All the research shows that it is good for children to come to the countryside. It shows the real improvement in academic subjects, as well as in achievement across the board, from getting children out for a day in the countryside, a museum or somewhere they can get a different perspective on their learning.
I congratulate the hon. Gentleman on securing this debate. I absolutely share his passion for outside learning. My most vivid memories from primary school are of visits to museums and nature walks in the countryside, but I never got to visit a mosque, a synagogue or a Hindu temple. My own children are now at school. What better way to illustrate a religious education lesson about Judaism than with a visit to a synagogue? Does he encourage schools and other organisations to do that for our young people as well?
The hon. Gentleman is absolutely right; I was going to come on to historical places. He is also right about mosques, synagogues and the diversity in our country of religious buildings in which young people can learn and can better understand the lives of other people who live not far from them.
I secured this debate because not only does all the research show that it is good for children to go out into the countryside, but it highlights a problem that still exists. More privileged children, from homes that are better off and have more money, get the chance to go to the countryside regularly, but a very substantial number of young people in this country never get that chance. Many children in our urban centres and in not so urban centres never go off their estate. That is a shame, but the research shows that it is true. There are children in Huddersfield who do not often go even into the centre of Huddersfield, let alone into the lovely, medieval Bradley wood or to the perfect hunting lodges of Henry VIII that are still around. What a wonderful habitat for them to visit if they had the opportunity!

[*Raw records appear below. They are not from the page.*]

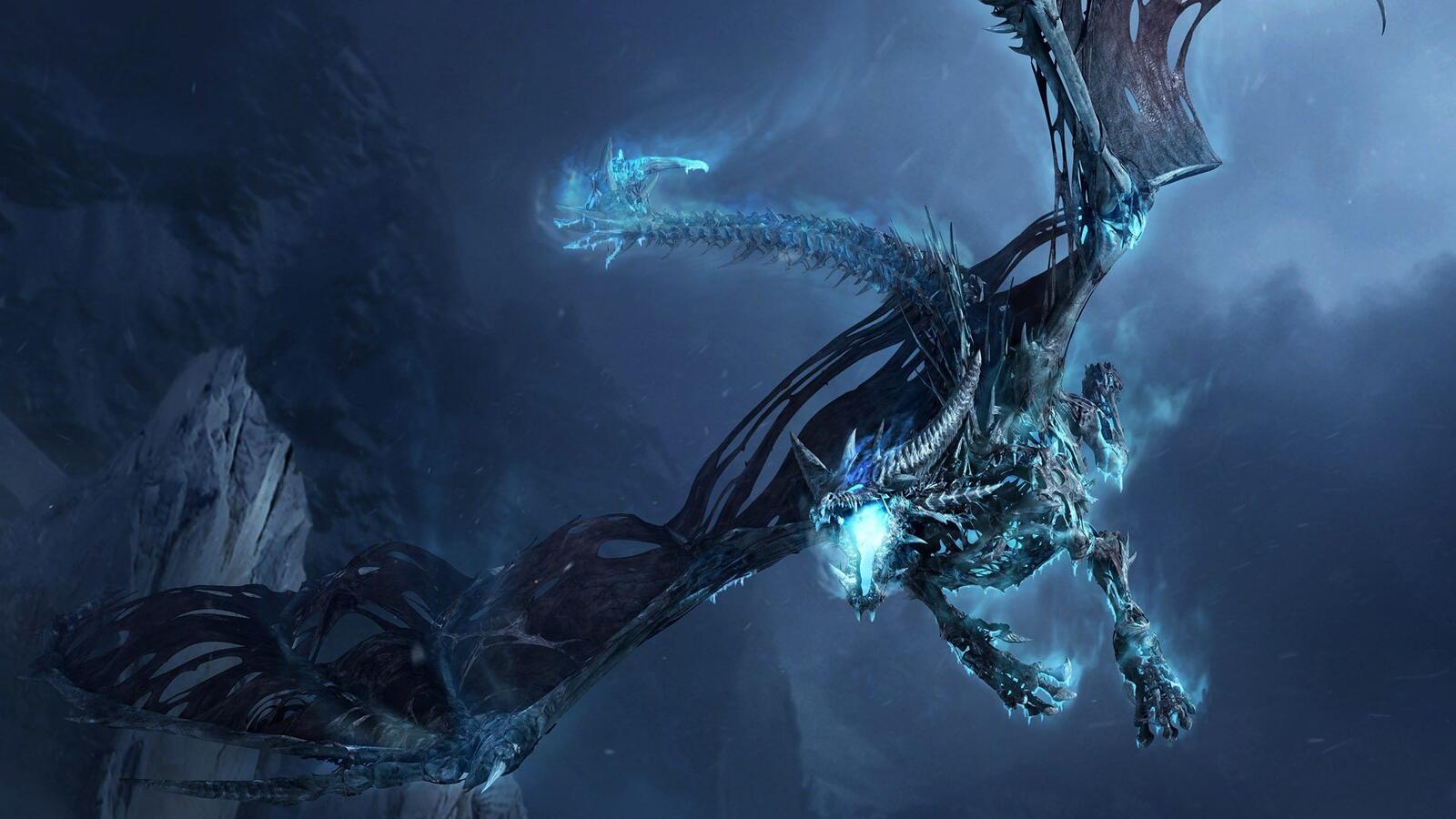 Wallpapers World Of Warcraft games dragon on the desktop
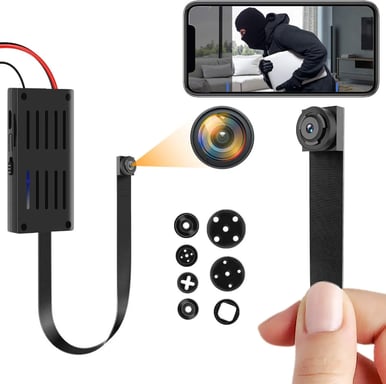Mini Caméra Espion Wifi Bouton Vidéosurveillance Full HD 1080p Android iOs YONIS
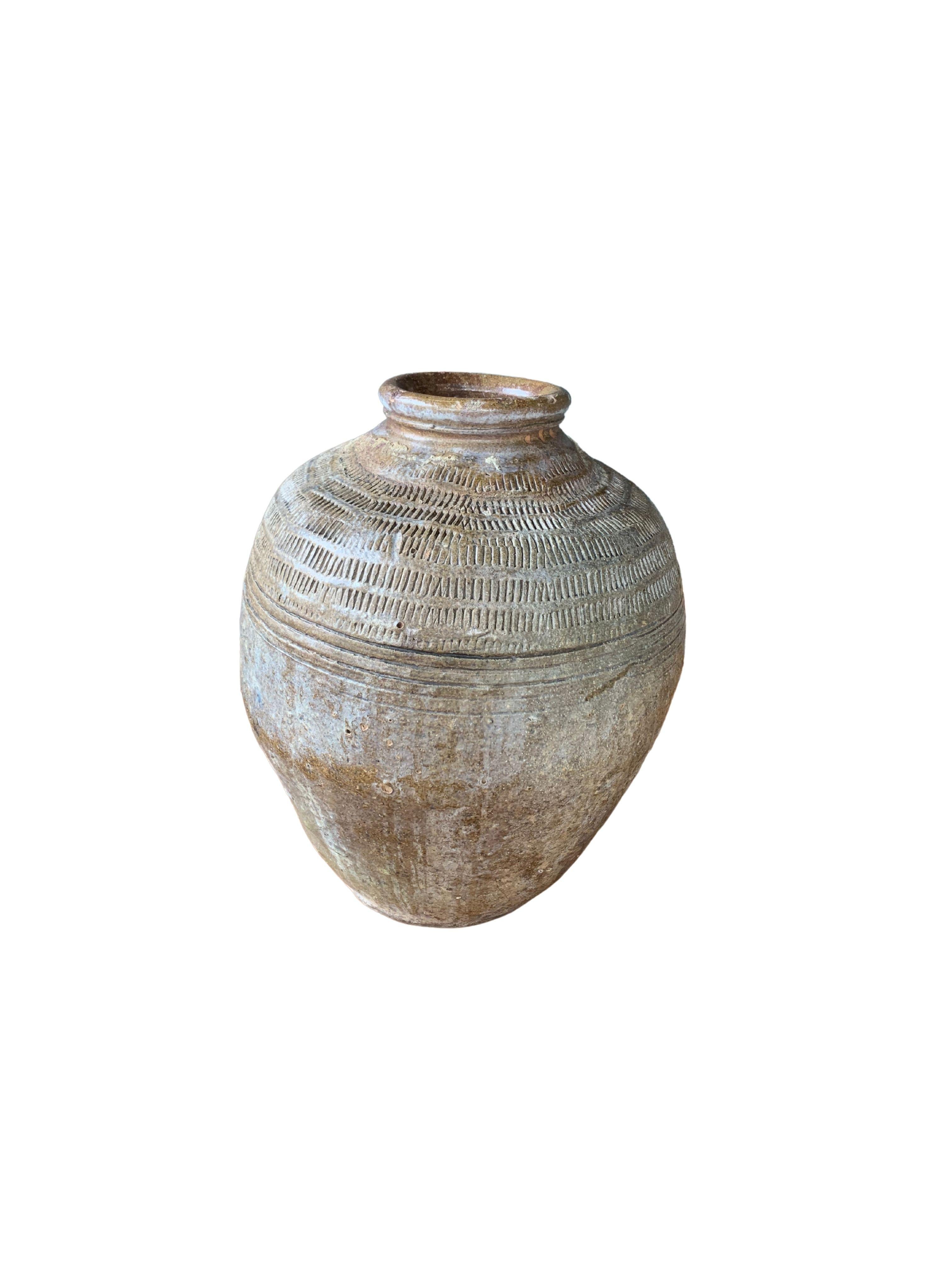 Cinese Antico vaso cinese in ceramica per decapaggio Greene & Greene, 1900 ca. in vendita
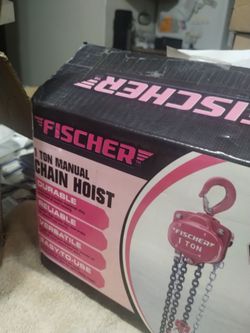 FISCHER ONE TON MANUAL CHAIN HOIST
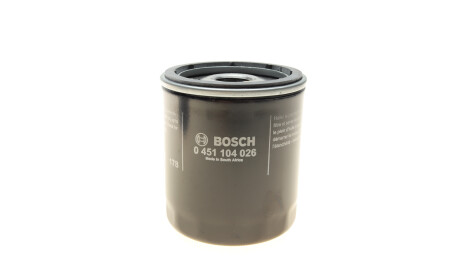 Фото 3 - Масляний фільтр BOSCH 0 451 104 026 (0451104026)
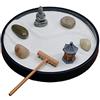 Nature's Mark Mini meditazione Zen Garden Table Decor Kit con base sagomata (rotondo 6x6 B)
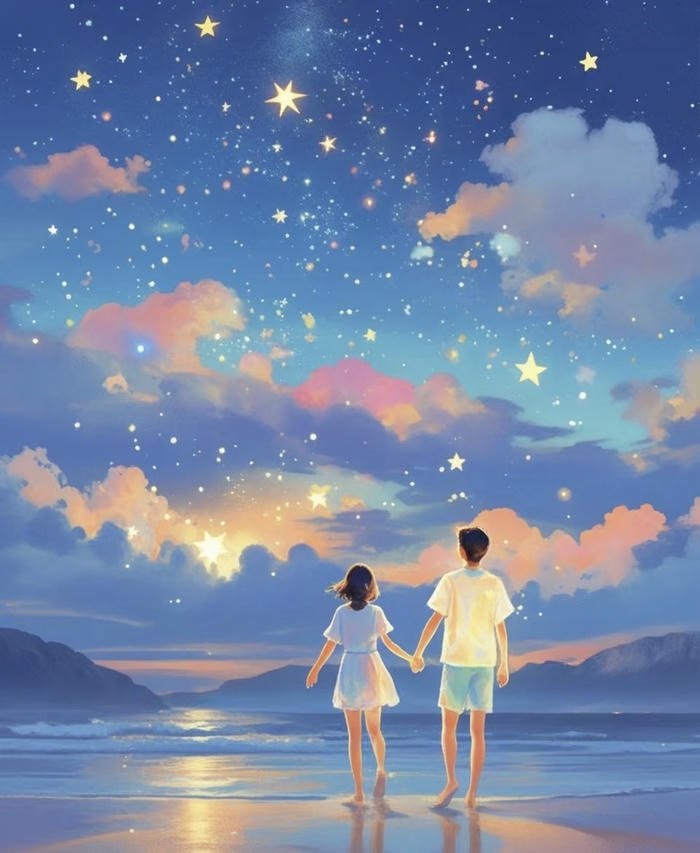 anime cầm tay giữa chiều tĩnh
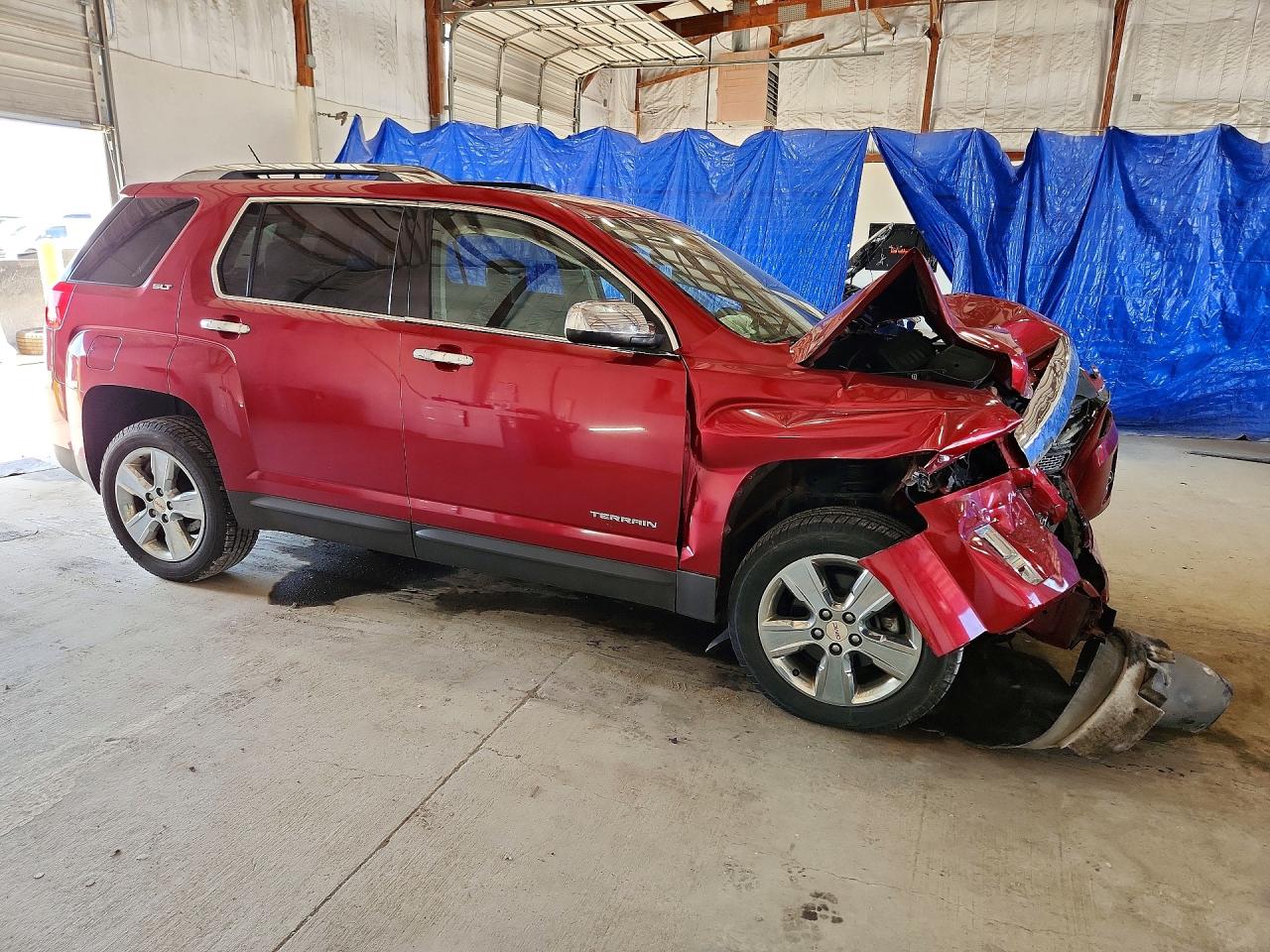 2015 Gmc Terrain Slt Maroon vin: 2GKFLYE37F6307351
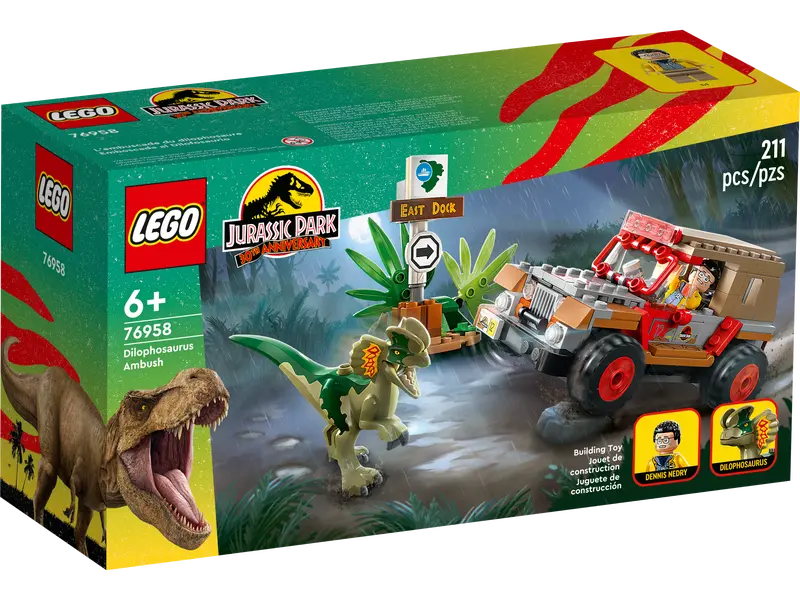 Jurassic Park Dilophosaurus Ambush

What is the secret? I have a very good proposal for the Minister. I want him, or somebody, to give me a little bit of money—do you know, Mr Paisley, that there is a magic sum of money if you go to a school? In the old days, when we did our first inquiry—the Minister will remember this—people used to say, “No, we don’t want to go.” One of the big teaching unions said things like, “No, we’re not going to co-operate any longer”, “It’s a bit stressful for teachers”, “It’s more than our jobs are worth”, “What about health and safety?”, and all that. Our report put the lid on that. Health and safety has become not such a big issue; the forms to fill in have been made much easier and the guidance is much better.
The real secret of a school that opens itself to adventure and takes children out is having staff who want to do that and who see its value. When schools do it well, it is nearly always because they have trained one or two members of staff to be the experts who know about the subject or the organisation, who are inspired and who have the passion. That gives comfort to the school and gives focus to the challenge, so that children end up going to the right place at the right time in a safe and rewarding way. We need teachers who are trained and up to speed.
The other thing that we need to do, which is most important, is go to schools with £500 in our back pocket. We have found that that is the magic sum for getting a school much more interested in travel. The organisation goes to the school and says, “This won’t cost you anything. We’ll take 30 of your children into the countryside to have wonderful learning experiences of various types, beautifully mediated by trained teachers or mediators. We’ll take care of the travel and look after the children for the day.”
I have a wonderful challenge for the Minister and any Member who is listening to the debate. I hope that we can go back to it in the new Parliament—I hope that you, the Minister and I will all be re-elected on 8 June, Mr Paisley. I want to continue my programme of challenging every Member of Parliament to raise £5,000, which would cover 10 schools in their constituency—as long as I can persuade them to include schools that do not usually visits.
I am selling some wares in this debate, because we need children in this country to learn better. We need to find and liberate that spark, that talent and that potential in them. If we can do it through the medium of getting them out of school, we will have learned a lesson from good research and good experience. It works here and it works for other countries like ours, so we can draw conclusions from that.
My message is simple. I want more children to come to the countryside and fall in love with it. I want more children to go to museums, mosques and synagogues and learn outside the classroom. There is nothing wrong with a classroom, as long as the teachers in it are good, inspired, well qualified, well motivated and well paid. I will not go into political territory today, but we all know that it is much easier to get kids to go outside the classroom in Maidenhead than in Huddersfield. I am sure that it is very comfortable in the Royal Borough of Windsor and Maidenhead, but I do not represent a constituency in it. Like you, Mr Paisley, I represent a much more diverse constituency, where I look at the schools and want the children in them to have all the same advantages as children who live in the Royal Borough of Windsor and Maidenhead.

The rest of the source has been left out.